ATMs seem to be disappearing from our local shopping centres. With pay wave becoming increasingly available, with need cash less and less.

When I do need cash, I find it’s because I’m at a small merchant outside a major shopping centre and am often needing to use an expensive independent ATM.

If your life is already completely cash free, ATM fees are probably not that important. A one off payment of $2-4 is annoying, but no big deal. If you are withdrawing cash monthly, you will want to eliminate fees.

Up bank offer free ATM withdrawals from major bank ATMs, which is adequate for those that rarely use cash.

For those that want completely free ATM access, ME bank offer this without annoying terms and conditions.

ING also refund all ATM fees, but you have to meet a list of demands each month to be eligible. These terms aren’t too onerous for me, because my ING everyday account is used as my “blow it (splurge) money, and I use it regularly.

I can deposit $1000 per month into my ING “Splurge money” account and then transfer the excess back to my primary offset account. I use my card for splurge purchases via paywave 5 times a month or more without any effort.

The new condition that you have to grow your savings maximiser each month could be met by depositing $1 in the account each month, if you weren’t using the savings maximiser for anything else.

If you have a mortgage, and offset account makes far more sense for savings anyway.

Up Bank Review – Interest Earned

Up bank is the lowest interest payer of the group. If you are not planning to save significant amounts in this account, you probably should ignore the interest.

For $5,000 savings over a year, the difference in interest between Up Bank at 0.7% and ING at 1.35% (if you meet all T&Cs) is only $32.50.

If you have a $30,000 emergency fund kept in the account, you could earn an extra $195 by going with ING.

If all savings are kept in an offset, and your online bank account will hold less than $1000, pay more attention to other features that may benefit you, such as free ATMs and international transactions.

Overseas Transaction Fees

How much do you spend overseas? You don’t have to be an international traveller to get hit by these charges! Some operators in Australia are based overseas and you can get hit with sneaky internation transaction fees as a result.
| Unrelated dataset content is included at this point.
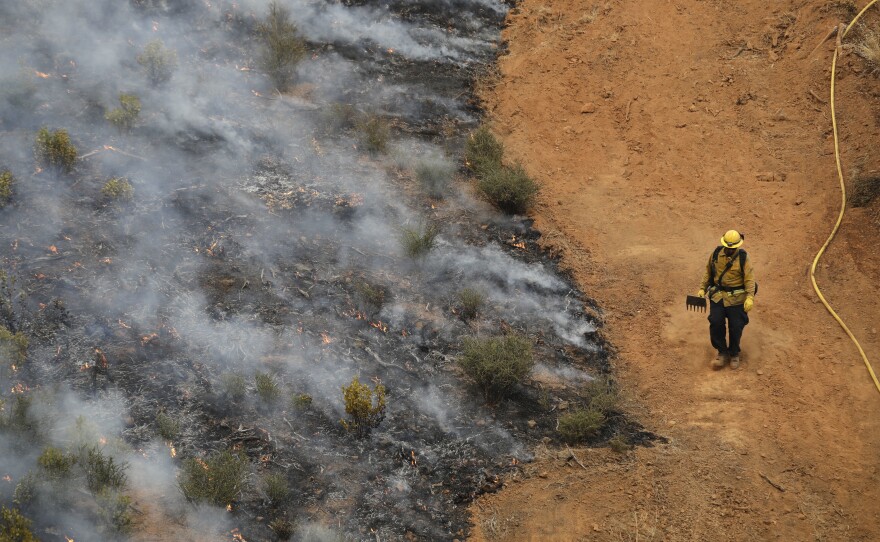 A firefighter walks along a containment line while battling a wildfire in Redding, Calif., on July 28.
If you do a reasonable amount of online shopping, you are likely to benefit from free international transactions. You can get international transaction fee free credit cards. But, if you need cash overseas, withdrawing cash from an ATM using your credit card is likely to incur a hefty “cash advance” fee.

Up Bank and ING offer free international transactions and ATMs, ideal for those of us dreaming of an overseas holiday.

The international fees listed above are a reason to avoid ME Bank unless you are sure you will not use the card for international transactions or ATMS.

Overdrawn Fees and Charges

Hopefully you will not become overdrawn, but if you do ME and UP bank will both sting you with fees. In contrast, ING simply decline the transaction but do not charge dishonour fees.

Round Up Feature

This feature has become a common offering over the last few years. When you use your debit card, the virtual “change” is transferred to a savings account, mortgage or investment account.

It is a feature that is available with RAIZ from any bank account. I do not personally find it useful, but I can see it would useful for those struggling to save.

The ideas is that if you spend $2.50 on a drink, depending on your settings the 50c change from $1, or the $2.50 change from $5 is swept into you savings/investment account. It is a virtual version of the spare change jar.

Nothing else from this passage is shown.